O N ne dissertera pas indéfiniment sur l'escale judiciaire d'Alfred Sirven en Allemagne. De toute évidence, les autorités française, dans leur hâte à obtenir son arrestation et son extradition des Philippines, ont oublié l'essentiel, c'est-à-dire l'intendance, ou encore un avion direct de Manille à Paris pour cet homme très recherché et son escorte.
Les explications fournies par Lionel Jospin et par la ministre de la Justice, Marylise Lebranchu, n'ont pas été vraiment convaincantes : le dernier avion pour la France avait quitté Manille avant que les formalités d'extradition fussent terminées et le gouvernement n'a pas vu d'inconvénient à ce qu'il prenne un avion pour l'Allemagne, située dans l'espace judiciaire européen.
Sauf que M. Sirven aurait pu refuser son extradition d'Allemagne, ce qui aurait différé son retour de plusieurs mois. L'ancien numéro deux d'Elf n'a pas voulu, apparemment, compliquer la situation et les autorités allemandes n'ont aucune envie d'ouvrir un contentieux avec la France. Ouf ! Lundi, le procès Elf-Dumas a été suspendu jusqu'à aujourd'hui et les juges vont être en mesure de demander à M. Sirven quelques éclaircissements sur une affaire aussi énorme qu'obscure.
Après tout, les sommes détournées s'élèveraient à un milliard de francs ou plus, et on peut supposer qu'il y a encore quelques personnages à Paris qui tremblent à l'idée que M. Sirven puisse apporter des révélations susceptibles de les exposer au scandale. Les plus méchants des commentateurs ont laissé entendre que le gouvernement a fait exprès de faire atterrir Sirven en Allemagne pour laisser à quelques hommes politiques le temps de préparer leur défense ou de détruire des preuves. Nous n'en croyons rien et il nous semble infiniment plus probable que le gouvernement a péché par manque d'organisation. Il n'est d'ailleurs ni le premier ni le dernier à clamer son désir de faire toute la lumière sur un scandale sans avoir pris les mesures de logistique propres à servir la rapidité d'exécution de la justice.

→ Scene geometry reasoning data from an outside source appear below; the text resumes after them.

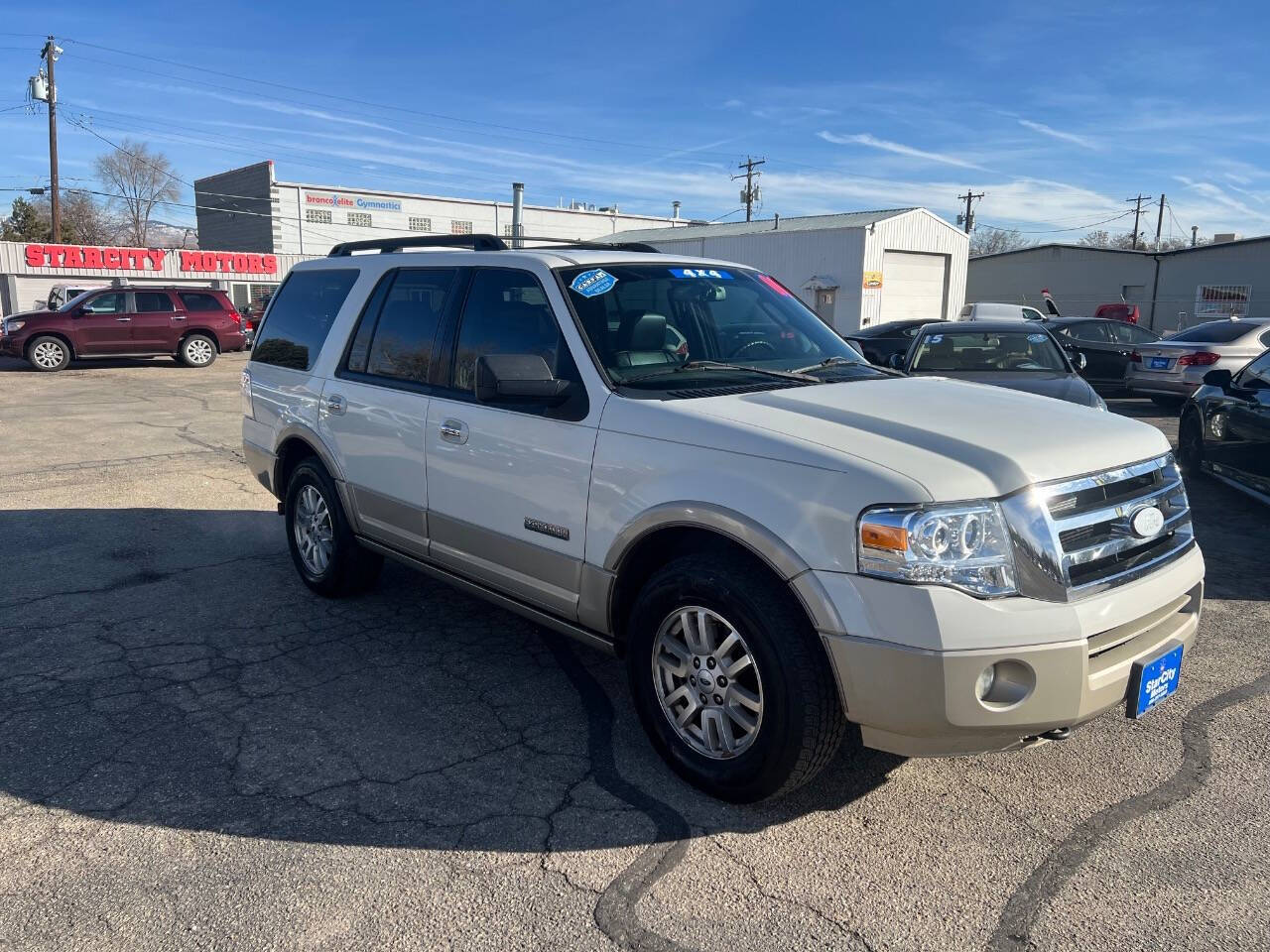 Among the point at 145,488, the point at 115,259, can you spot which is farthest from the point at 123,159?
the point at 145,488

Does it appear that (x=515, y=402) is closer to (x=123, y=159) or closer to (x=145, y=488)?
(x=145, y=488)

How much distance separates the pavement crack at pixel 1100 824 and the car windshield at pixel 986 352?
541 centimetres

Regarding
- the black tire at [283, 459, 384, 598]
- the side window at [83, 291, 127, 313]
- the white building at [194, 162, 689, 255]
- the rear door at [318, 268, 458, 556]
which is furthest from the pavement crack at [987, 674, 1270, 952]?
the white building at [194, 162, 689, 255]

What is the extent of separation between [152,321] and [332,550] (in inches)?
771

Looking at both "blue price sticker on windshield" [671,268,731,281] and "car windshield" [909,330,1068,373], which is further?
"car windshield" [909,330,1068,373]

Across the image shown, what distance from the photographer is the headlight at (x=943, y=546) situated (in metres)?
2.78

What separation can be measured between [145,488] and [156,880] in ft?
21.7

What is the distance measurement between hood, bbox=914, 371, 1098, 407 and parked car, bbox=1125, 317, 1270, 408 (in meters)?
6.47

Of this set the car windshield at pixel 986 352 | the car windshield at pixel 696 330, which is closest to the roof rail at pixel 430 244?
the car windshield at pixel 696 330

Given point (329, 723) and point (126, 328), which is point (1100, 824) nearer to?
point (329, 723)

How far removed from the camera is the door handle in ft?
13.9

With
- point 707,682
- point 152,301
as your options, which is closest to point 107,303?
point 152,301

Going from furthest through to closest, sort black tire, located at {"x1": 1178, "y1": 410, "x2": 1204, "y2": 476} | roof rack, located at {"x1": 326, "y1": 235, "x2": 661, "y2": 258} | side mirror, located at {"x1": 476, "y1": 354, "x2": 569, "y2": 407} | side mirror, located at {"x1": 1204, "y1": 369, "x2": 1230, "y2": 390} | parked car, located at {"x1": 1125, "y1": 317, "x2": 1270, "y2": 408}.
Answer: parked car, located at {"x1": 1125, "y1": 317, "x2": 1270, "y2": 408}, black tire, located at {"x1": 1178, "y1": 410, "x2": 1204, "y2": 476}, side mirror, located at {"x1": 1204, "y1": 369, "x2": 1230, "y2": 390}, roof rack, located at {"x1": 326, "y1": 235, "x2": 661, "y2": 258}, side mirror, located at {"x1": 476, "y1": 354, "x2": 569, "y2": 407}

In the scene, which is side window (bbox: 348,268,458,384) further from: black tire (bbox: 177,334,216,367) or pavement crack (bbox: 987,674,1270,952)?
black tire (bbox: 177,334,216,367) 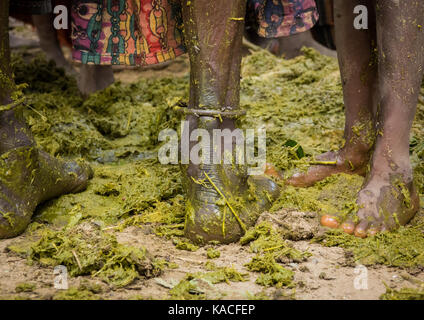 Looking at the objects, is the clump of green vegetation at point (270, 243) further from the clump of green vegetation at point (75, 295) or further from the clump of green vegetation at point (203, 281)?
the clump of green vegetation at point (75, 295)

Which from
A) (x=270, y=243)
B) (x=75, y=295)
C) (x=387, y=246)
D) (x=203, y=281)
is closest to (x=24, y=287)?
(x=75, y=295)

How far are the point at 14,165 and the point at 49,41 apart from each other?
2.45 meters

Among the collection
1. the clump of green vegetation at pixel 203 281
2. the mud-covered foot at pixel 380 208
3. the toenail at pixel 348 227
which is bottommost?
the clump of green vegetation at pixel 203 281

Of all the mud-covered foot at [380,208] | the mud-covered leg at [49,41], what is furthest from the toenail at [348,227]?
the mud-covered leg at [49,41]

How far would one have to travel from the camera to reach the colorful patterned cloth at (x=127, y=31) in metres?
2.10

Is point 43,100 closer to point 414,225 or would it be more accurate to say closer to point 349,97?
point 349,97

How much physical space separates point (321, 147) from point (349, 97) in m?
0.43

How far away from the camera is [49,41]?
12.6ft

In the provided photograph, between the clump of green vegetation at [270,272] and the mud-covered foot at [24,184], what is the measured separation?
0.78m

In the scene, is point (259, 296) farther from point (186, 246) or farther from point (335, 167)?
point (335, 167)

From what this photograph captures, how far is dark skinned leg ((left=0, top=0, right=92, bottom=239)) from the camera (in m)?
1.62

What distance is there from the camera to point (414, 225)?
5.75 feet

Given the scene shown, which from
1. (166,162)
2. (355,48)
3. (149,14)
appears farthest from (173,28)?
(355,48)

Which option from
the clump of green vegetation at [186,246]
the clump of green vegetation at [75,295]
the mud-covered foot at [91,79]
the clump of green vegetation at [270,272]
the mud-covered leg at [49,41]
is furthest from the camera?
the mud-covered leg at [49,41] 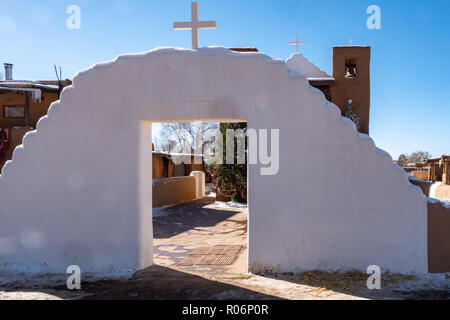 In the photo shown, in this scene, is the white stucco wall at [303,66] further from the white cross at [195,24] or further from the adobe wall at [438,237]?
the adobe wall at [438,237]

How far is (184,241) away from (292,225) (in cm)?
480

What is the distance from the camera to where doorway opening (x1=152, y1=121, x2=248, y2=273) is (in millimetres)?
8453

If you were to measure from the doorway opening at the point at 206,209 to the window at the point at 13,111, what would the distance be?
752 cm

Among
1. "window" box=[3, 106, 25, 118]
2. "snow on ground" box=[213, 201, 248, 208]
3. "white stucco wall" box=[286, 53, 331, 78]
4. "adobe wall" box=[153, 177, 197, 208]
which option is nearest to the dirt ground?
"white stucco wall" box=[286, 53, 331, 78]

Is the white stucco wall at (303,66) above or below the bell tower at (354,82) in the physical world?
above

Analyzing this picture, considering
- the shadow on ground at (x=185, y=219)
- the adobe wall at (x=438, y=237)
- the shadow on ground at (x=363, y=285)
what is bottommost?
the shadow on ground at (x=185, y=219)

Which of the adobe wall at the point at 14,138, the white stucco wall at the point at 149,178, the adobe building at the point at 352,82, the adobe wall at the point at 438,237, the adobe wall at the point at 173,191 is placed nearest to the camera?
the adobe wall at the point at 438,237

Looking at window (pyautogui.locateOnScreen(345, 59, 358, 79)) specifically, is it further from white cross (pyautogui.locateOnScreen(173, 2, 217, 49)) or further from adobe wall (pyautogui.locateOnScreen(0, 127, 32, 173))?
adobe wall (pyautogui.locateOnScreen(0, 127, 32, 173))

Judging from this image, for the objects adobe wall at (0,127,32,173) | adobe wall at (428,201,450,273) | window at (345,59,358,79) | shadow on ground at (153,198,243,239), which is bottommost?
shadow on ground at (153,198,243,239)

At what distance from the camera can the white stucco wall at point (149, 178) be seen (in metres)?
6.24

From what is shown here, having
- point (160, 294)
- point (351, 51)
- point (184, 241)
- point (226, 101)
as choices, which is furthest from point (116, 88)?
point (351, 51)

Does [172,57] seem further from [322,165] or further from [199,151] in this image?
[199,151]

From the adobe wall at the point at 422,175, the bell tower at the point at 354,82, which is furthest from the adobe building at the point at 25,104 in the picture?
the adobe wall at the point at 422,175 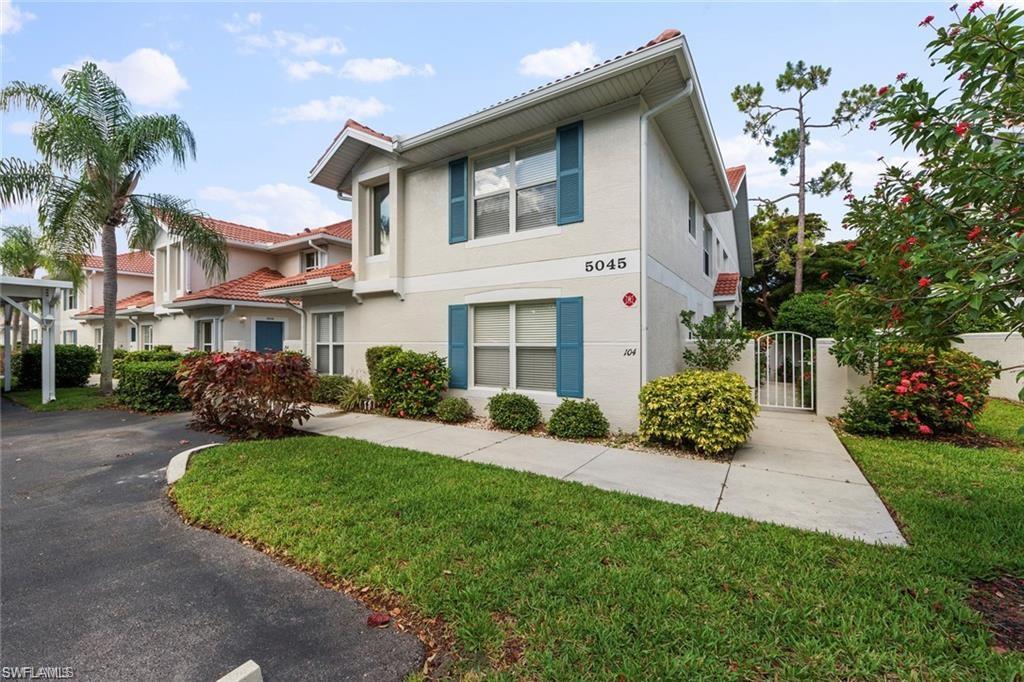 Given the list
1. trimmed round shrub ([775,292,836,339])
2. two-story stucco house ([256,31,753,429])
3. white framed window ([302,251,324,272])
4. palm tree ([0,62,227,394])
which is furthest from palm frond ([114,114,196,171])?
trimmed round shrub ([775,292,836,339])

En revanche, si M. Sirven revient, ce n'est pas pour se laisser clouer au pilori sans assurer sa propre défense, qui consistera sans doute à attaquer. Attaquer qui ? Mais d'abord les gens qu'il aurait corrompus en les arrosant de billets de banque. Nous risquons donc de voir cette affaire se répandre comme la gangrène et infecter davantage encore le monde politique. Alfred Sirven expliquera ensuite que toutes les grandes affaires, et principalement celles dans lesquelles l'Etat est mêlé, se traitent de la sorte et que dépenser un milliard pour assurer à Elf ou à d'autres entreprises de solides positions commerciales, cela s'appelle servir les intérêts de la France. Il ajoutera qu'il avait le feu vert du gouvernement de l'époque et même celui de François Mitterrand, ce qui ne contribuera pas à l'amélioration de l'image laissée à la postérité par le président défunt. Mais peut-être M. Sirven s'empressera-t-il de préciser que les gouvernements, de droite ou de gauche, se comportent de la même manière, dans le domaine très secret et très compliqué des ventes d'armements qui ont des connotations géopolitiques.

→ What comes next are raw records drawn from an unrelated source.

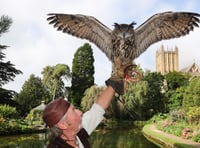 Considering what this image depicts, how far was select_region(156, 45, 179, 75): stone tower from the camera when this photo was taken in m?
94.6

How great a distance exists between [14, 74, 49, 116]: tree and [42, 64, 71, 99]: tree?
1.52 meters

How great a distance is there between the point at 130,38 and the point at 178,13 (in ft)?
1.15

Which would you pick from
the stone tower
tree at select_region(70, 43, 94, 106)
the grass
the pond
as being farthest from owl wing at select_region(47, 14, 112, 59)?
the stone tower

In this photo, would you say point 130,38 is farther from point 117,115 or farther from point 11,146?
point 117,115

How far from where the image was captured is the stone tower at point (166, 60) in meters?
94.6

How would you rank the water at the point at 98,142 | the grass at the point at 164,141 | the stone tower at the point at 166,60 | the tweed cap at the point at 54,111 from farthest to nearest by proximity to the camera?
the stone tower at the point at 166,60
the water at the point at 98,142
the grass at the point at 164,141
the tweed cap at the point at 54,111

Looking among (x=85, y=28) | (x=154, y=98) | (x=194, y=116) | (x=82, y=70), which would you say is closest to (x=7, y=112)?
(x=194, y=116)

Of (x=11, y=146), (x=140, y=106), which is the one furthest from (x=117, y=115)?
(x=11, y=146)

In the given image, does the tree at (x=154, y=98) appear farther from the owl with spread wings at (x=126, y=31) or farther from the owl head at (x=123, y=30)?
the owl head at (x=123, y=30)

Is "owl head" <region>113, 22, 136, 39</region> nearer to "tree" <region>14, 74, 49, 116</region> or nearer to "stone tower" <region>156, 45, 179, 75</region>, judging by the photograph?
"tree" <region>14, 74, 49, 116</region>

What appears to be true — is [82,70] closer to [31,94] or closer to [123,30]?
[31,94]

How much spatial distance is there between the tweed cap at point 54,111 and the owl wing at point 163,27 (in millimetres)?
992

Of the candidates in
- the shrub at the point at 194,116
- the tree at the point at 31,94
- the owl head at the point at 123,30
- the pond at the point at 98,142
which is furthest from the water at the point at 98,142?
the tree at the point at 31,94

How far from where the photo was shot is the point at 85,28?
270 cm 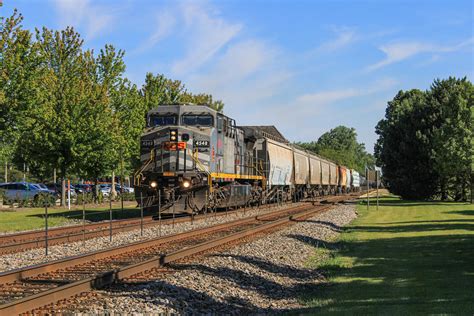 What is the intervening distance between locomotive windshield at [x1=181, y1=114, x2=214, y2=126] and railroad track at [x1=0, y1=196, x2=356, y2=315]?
27.1ft

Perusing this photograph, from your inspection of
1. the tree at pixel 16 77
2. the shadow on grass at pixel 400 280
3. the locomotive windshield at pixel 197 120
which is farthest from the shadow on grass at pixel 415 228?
the tree at pixel 16 77

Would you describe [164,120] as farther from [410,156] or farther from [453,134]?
[410,156]

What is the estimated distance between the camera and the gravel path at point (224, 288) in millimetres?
7785

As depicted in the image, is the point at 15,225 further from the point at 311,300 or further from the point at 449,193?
the point at 449,193

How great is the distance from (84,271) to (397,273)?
20.3 feet

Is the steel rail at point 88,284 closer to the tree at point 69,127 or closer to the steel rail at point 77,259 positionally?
the steel rail at point 77,259

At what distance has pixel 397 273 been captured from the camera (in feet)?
37.0

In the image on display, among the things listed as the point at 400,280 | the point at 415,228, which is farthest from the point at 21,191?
the point at 400,280

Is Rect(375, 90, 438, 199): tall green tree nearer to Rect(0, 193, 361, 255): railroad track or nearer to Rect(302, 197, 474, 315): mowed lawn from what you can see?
Rect(302, 197, 474, 315): mowed lawn

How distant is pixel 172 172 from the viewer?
74.8 ft

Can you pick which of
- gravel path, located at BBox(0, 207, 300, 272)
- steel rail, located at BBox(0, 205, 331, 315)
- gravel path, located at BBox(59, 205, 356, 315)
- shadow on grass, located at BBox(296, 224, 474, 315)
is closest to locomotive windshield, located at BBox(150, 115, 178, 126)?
gravel path, located at BBox(0, 207, 300, 272)

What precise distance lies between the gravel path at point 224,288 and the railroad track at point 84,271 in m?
0.32

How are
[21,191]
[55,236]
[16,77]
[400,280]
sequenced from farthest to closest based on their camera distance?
[21,191]
[16,77]
[55,236]
[400,280]

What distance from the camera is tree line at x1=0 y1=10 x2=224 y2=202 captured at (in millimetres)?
28469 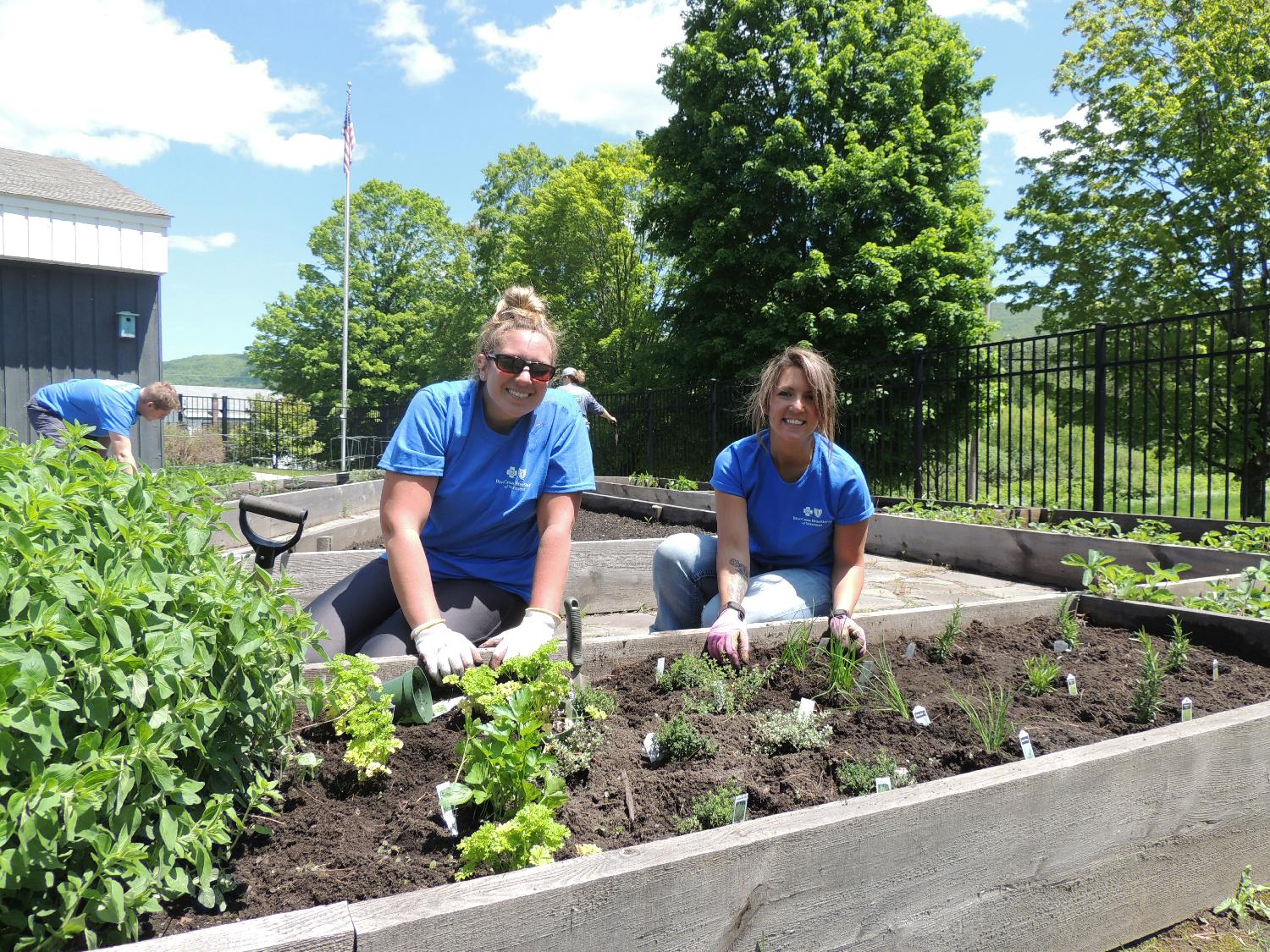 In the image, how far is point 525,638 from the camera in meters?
2.32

M. Sirven confondra-t-il ou au contraire disculpera-t-il Roland Dumas ? Un fait patent demeure, à savoir que l'ancien ministre des Affaires étrangères était hostile à la vente de frégates françaises à Taïwan, hostilité qu'il a consignée par écrit dans une lettre au président de la République d'alors, et que, si Mme Deviers-Joncour avait pour tâche de changer sa position, elle n'y est point parvenue en dépit des sommes considérables qu'Alfred Sirven lui a versées. En d'autres termes, le corrupteur n'est pas nécessairement efficace et, si les frégates ont été, en définitive, bel et bien vendues, c'est parce que François Mitterrand a écarté les objections de Roland Dumas. C'est le président, plaidera M. Sirven, qui a pensé que la France ne pouvait pas manquer cette bonne affaire et je n'ai rien fait d'autre, avec l'argent d'Elf, qu'aider mon pays. Pour le moment, la justice a séparé l'affaire Elf proprement dite et celle des frégates, les ventes d'armes exigeant, en cas de procès, un tribunal exceptionnel. Mais le témoignage de M. Sirven pourrait bien démontrer que toutes les affaires sont mêlées et qu'on ne peut pas examiner l'une en ignorant l'autre.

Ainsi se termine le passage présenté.